Murawwat Hussain

Personal information
- Full name: Murawwat Hussain Shah
- Born: 8 August 1918 Sialkot, Punjab Province, British India
- Died: 25 September 1984 (aged 66) Lahore, Pakistan
- Batting: Right-handed
- Bowling: Right-arm medium-pace

Umpiring information
- Tests umpired: 1 (1959)

Career statistics
| Competition | First-class |
| Matches | 37 |
| Runs scored | 1468 |
| Batting average | 29.36 |
| 100s/50s | 4/4 |
| Top score | 164 |
| Balls bowled | 2864 |
| Wickets | 44 |
| Bowling average | 28.36 |
| 5 wickets in innings | 0 |
| 10 wickets in match | 0 |
| Best bowling | 4/27 |
| Catches/stumpings | 24/– |
- Source: ESPNcricinfo, 13 July 2013

= Murawwat Hussain =

Pakistani cricketer and umpire (1918–1984)

Murawwat Hussain (8 August 1918 - 25 September 1984) was a Pakistani cricketer and umpire.
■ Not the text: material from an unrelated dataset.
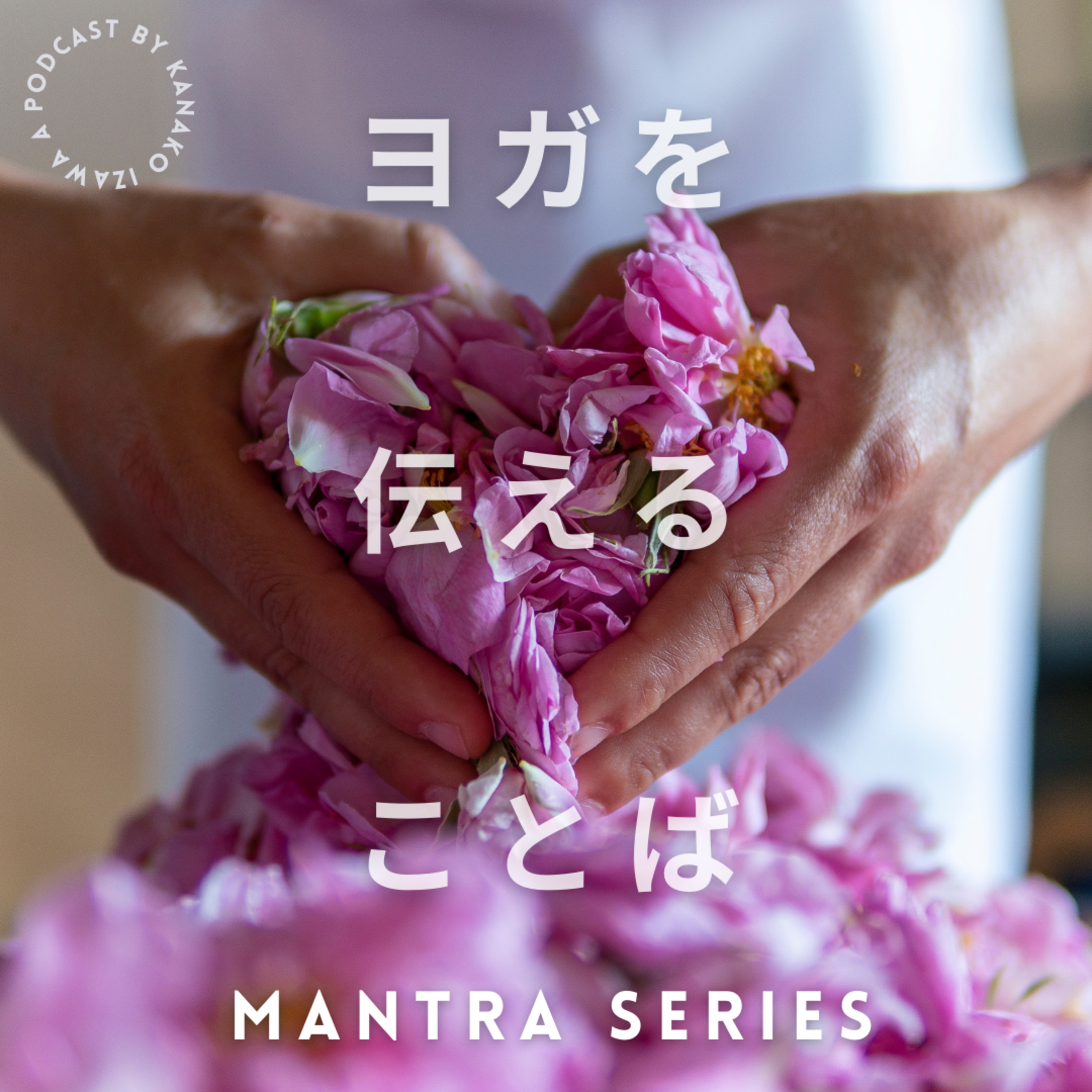 SHANTI MANTRA | SAHANA VAVATU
A right-handed batsman and medium-pace bowler, Murawwat Hussain played first-class cricket in India and Pakistan from 1935 to 1954, and toured Ceylon with the Pakistan team in 1948-49. In the second of the two matches between Pakistan and Ceylon he made his highest first-class score, 164, and he and Nazar Mohammad put on 269 for the second wicket.

He umpired 52 first-class matches in Pakistan, mostly in Lahore or Bahawalpur, from 1957 to 1978. He stood in one Test match, the First Test of the series between Pakistan and West Indies in 1959, played at the National Stadium, Karachi.